# PROBLEM STATEMENT
Write out exactly, excluding pictures, the lines from the one containing "Charlotte Grey Velvet" through the end of the data, both included.

# EXTRACTED ENTRIES
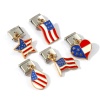 Изображение 2 ШТ 304 Нержавеющая Сталь спорт Очаровательный итальянский браслет со звеньями Изготовление ювелирных изделий своими руками Позолоченный И Былые K Разноцветный С Эмалью Флаг США 10мм x 9мм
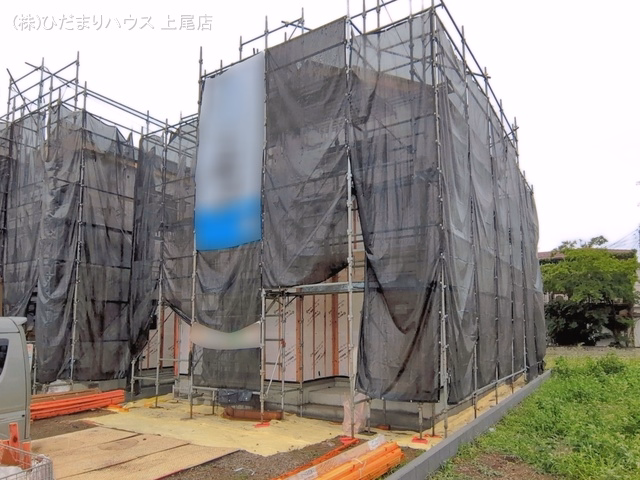 埼玉県上尾市大字上の新築戸建てシート写真 2026年6月7日撮影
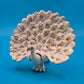 Elegante Vintage Brosche Pfau in Weiß mit Strass-Akzenten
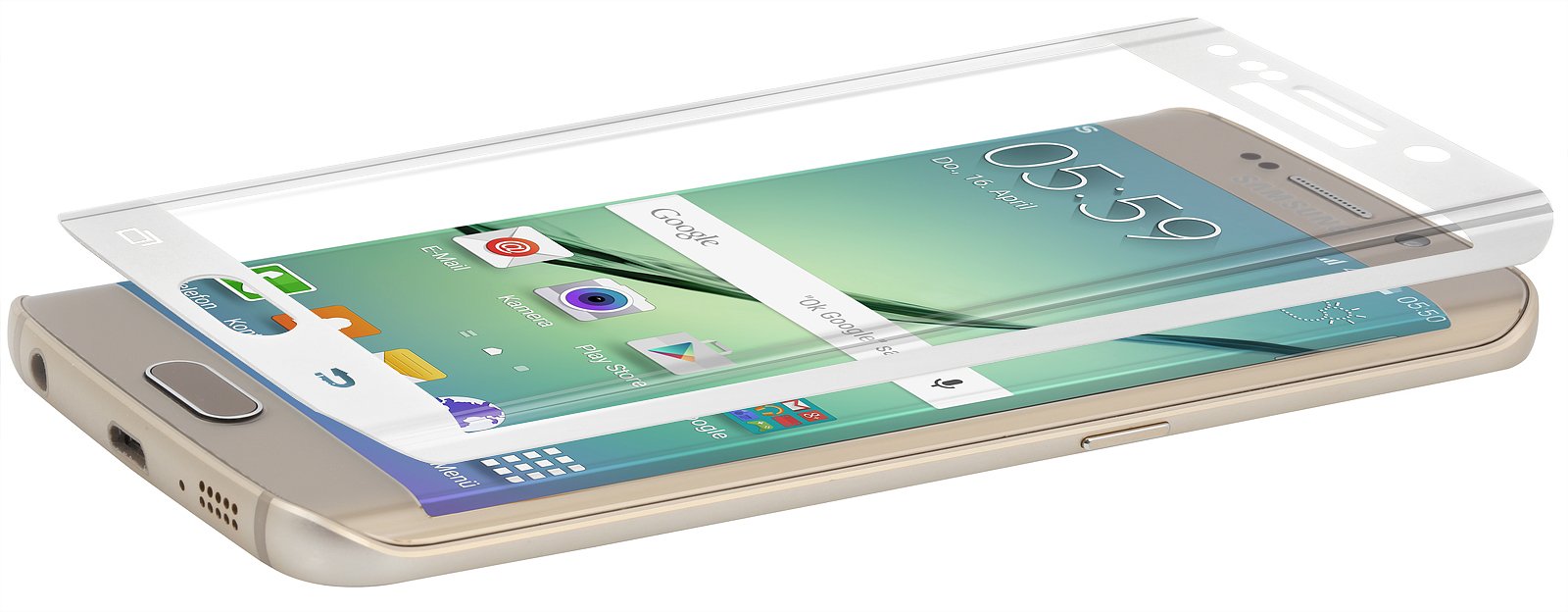 StilGut Protective Tempered Glass Screen Protector for Samsung Galaxy S6 edge, White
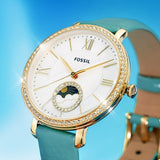 Fossil Jacqueline Analog Moonphase Mother of Pearl White Dial Green Leather Strap Watch for Women - ES5168 Authentic Buy Shop Now
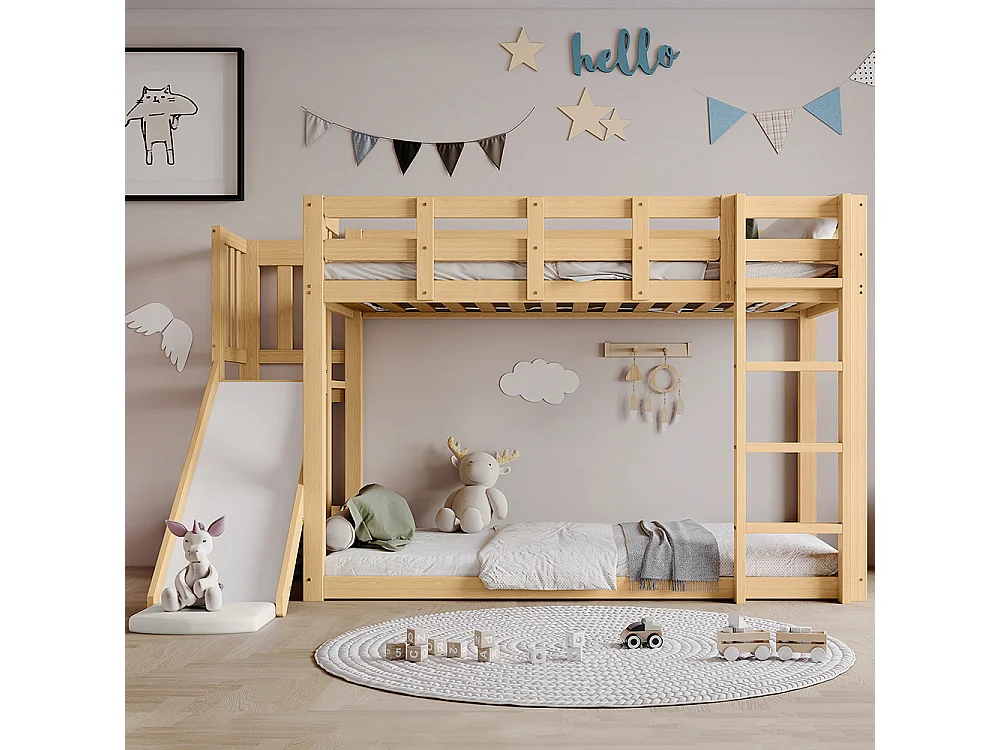 Lit superposé enfant 90 x 200 cm - avec toboggan et barrière de sécurité - Rideau de lit - Bois de pin - Sommier à lattes - Naturel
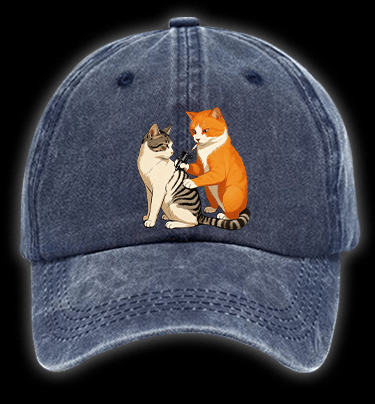 Tattooed Cat Vintage Washed 100% Cotton Baseball Hat - TheDrunkShark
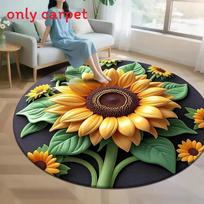 Sunflower Pattern Diatom Mud Round Mat For Bedroom And Hallway Waterresistant Home Decor Style E,50X50CM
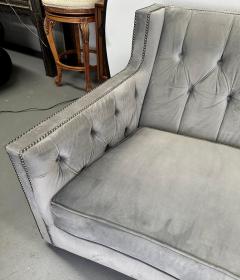  Bernhardt Furniture Bernhardt Furniture Mid Century Modern Style Gray Suede Sofa with Studded Frame - 3403762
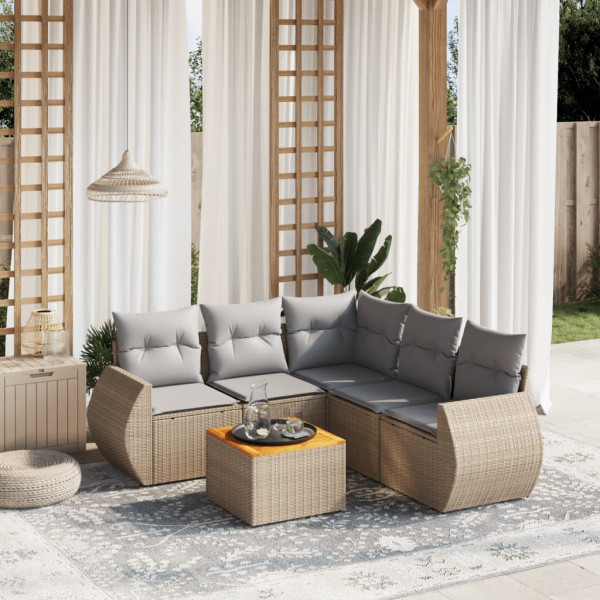 Conjunto de sofás jardim com almofadas 6 pcs ratão sintético beige D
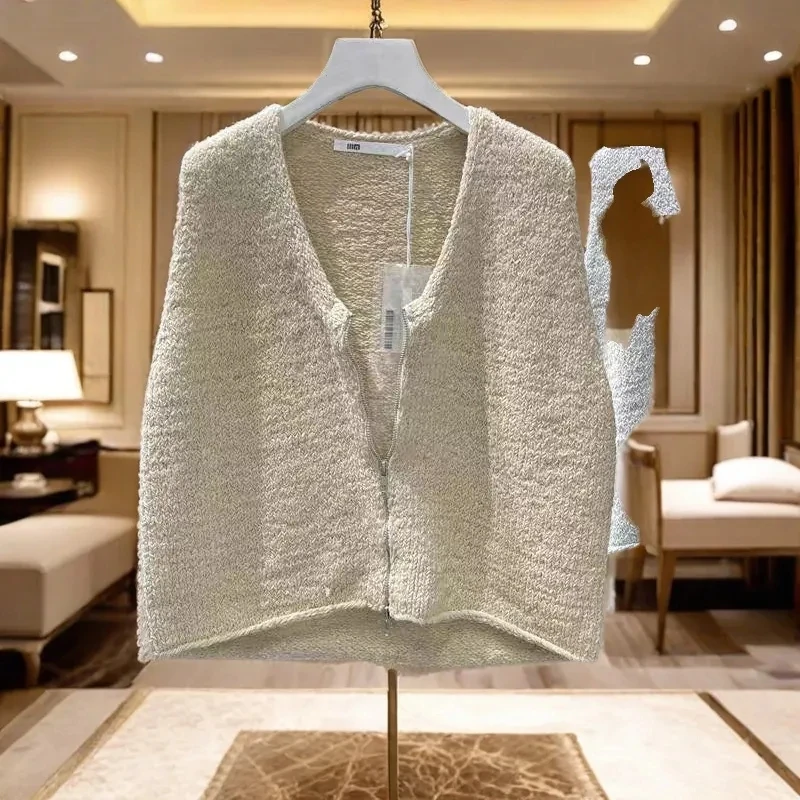 2026 Women Zipper Wool V-neck Vest Sweater Cashmere Autumn Winter Sleeveless Jacket Solid Color Warmful Tank Tops Soft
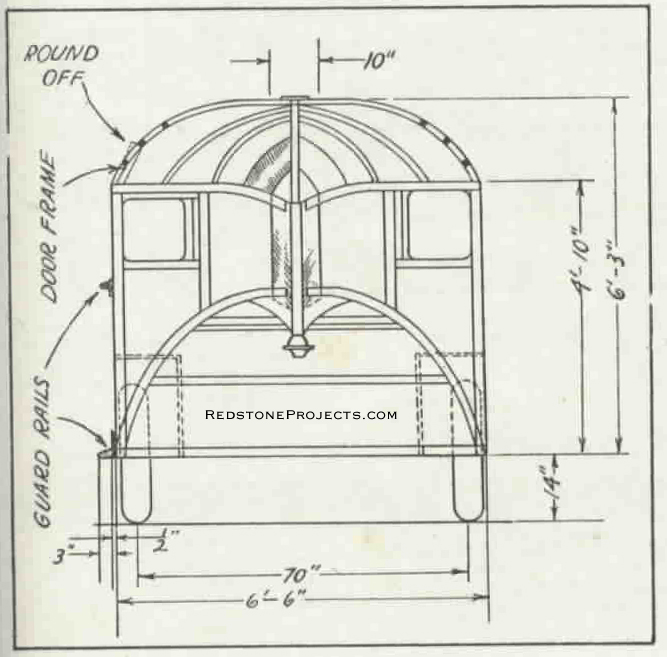 Trailer coach frame front view elevation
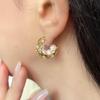 18K Gold-Plated Pearl Zircon Textured C-Shape Earrings – French Light Luxury Style
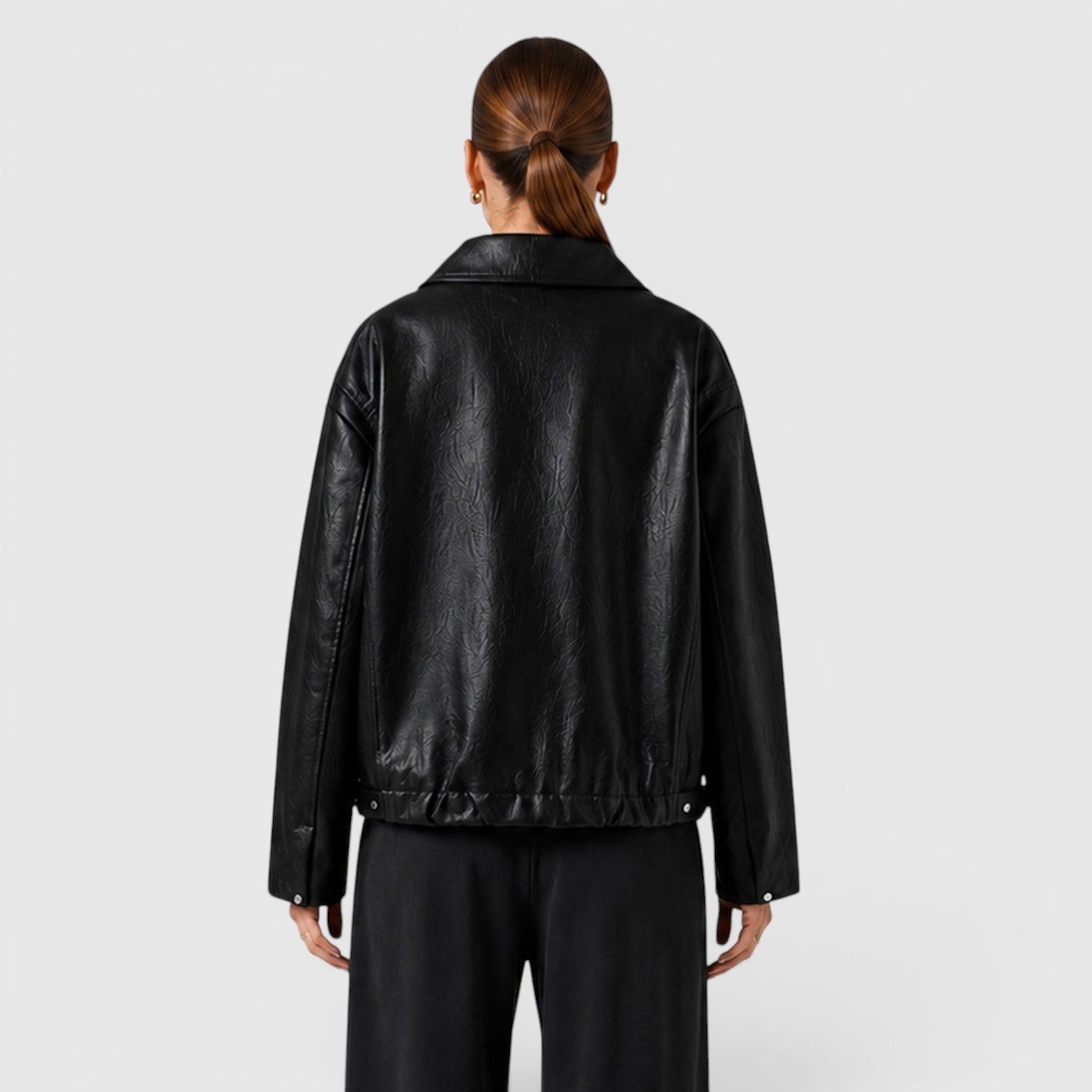 Giacca Donna Effetto Pelle con Zip e Tasche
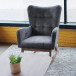 Charlotte Grey Velvet Rocking Chair  | KM Home Furniture and Mattress Store | Houston TX | Best Furniture stores in Houston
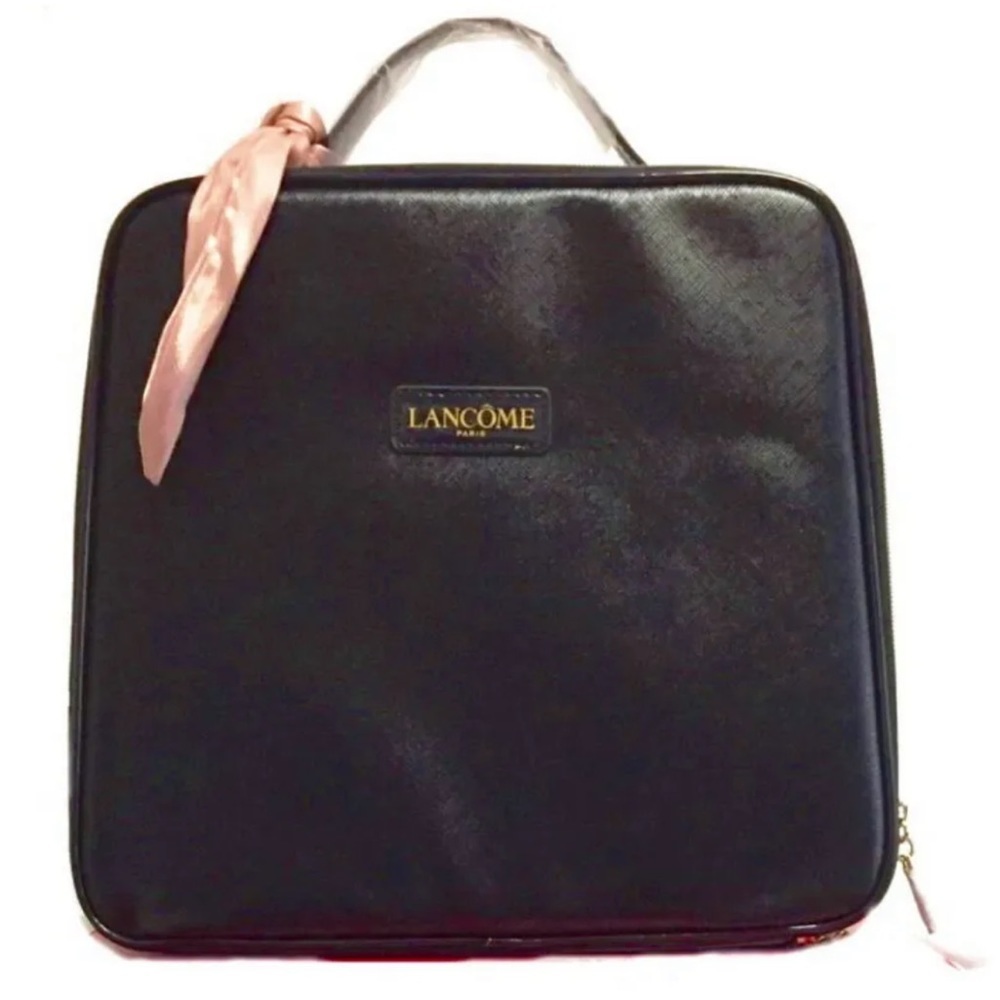 Lancôme Travel Cosmetic Bag Train Case w Pink Sash NEW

# SOLVED PROBLEM
 Charlotte Grey Velvet Rocking Chair  | KM Home Furniture and Mattress Store | Houston TX | Best Furniture stores in Houston
 Lancôme Travel Cosmetic Bag Train Case w Pink Sash NEW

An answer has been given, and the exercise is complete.